Doctors have all said to wait for PD1 the new elixcir that will slow these buggers done. Sort of like watching Obama try to decide if he will bomb the terrorists or just watch them continue to make headway against civilization as we know it. How many heads will roll, literally, before action is taken? And, what is it with those people that they feel they need to cut off someone's head? Fucked up, man.

Oops, off track again and fallen into that politic ditch.

Let me see if I can pull myself out?

Rugby our bouvier des flandres puppy
I had a thought the other day that our civilization, like my cancer, needs a strong and determine force to fight those forces that seek to undermine. I elect John Tesh!

But, in the meantime, the cancer is slowly continuing to grow. As Fred, my oncologist, told me, it has grown a little, but if it grows a little everything time I get checked, which is every three months, then after a while we can just say that it has grown. Like any problem that seems small but continues to grow, after a while its a bigger problem than when we first looked at it. Fucker.

Not good kemo sabe...

So, I continue to get radiated like a piece of spam in the microwave. Right now the powers that be feel that I should wait until I become symptomatic. In other words, until the cancer is ready to say, here I am folks. That could be a year or two waiting for that bus to come in.

Right now I am asymptomatic, showing no signs of having anything except advancing years. For which, I celebrated with a number of friends, my 62nd birthday.

Yippee for me.

Also my 32nd wedding anniversary, yippee for us.

And, to top it off, there is a new member in the Norris household. Rugby is just 11 weeks, and weighs about 21-22 pounds now, the picture above was taken a couple of weeks ago and he weighed about 15 pounds then. Nothing like having a new dog in the house.

I am thinking that I will compute my life according to dog years. Yes, I know, we have been down this path, but it is a fruitful philosophic place to be. I mean, when you get a certain age, you are closer to the end then the beginning, just by the position of the planets and stars in the heavens.

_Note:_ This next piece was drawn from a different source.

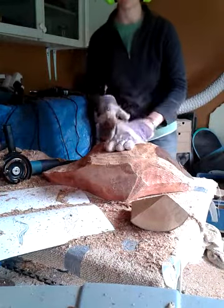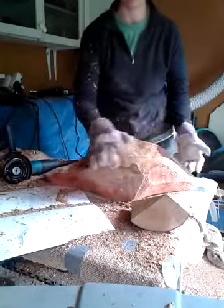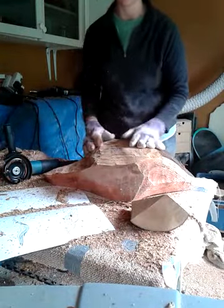So I've turned the piece of wood over — this is a giant sequoia — and I'm going to remove the bark and some of the soft outer wood.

So, if I begin counting my life in dog years, then...

....well, it's OK to call the EMTs and have me committed now. But, dogs have it great if they are with the right people and people have it good if they are with the right dog.

I sit back and watch the world collide with it's failed hubris, as my culture, narcissistic as it can be, blinds itself to reality, wallowing in self-pleasure and amusement.

Really, we know more about J-Lo, Kim, and Lebron, than we do about anyone who might be our future leader and steer this wreck toward safer waters, and one with enough strength to synch up the saddle that has gone slack the past 6 years. I mean, com'on Kemo sabe, let's get our collective shit together here.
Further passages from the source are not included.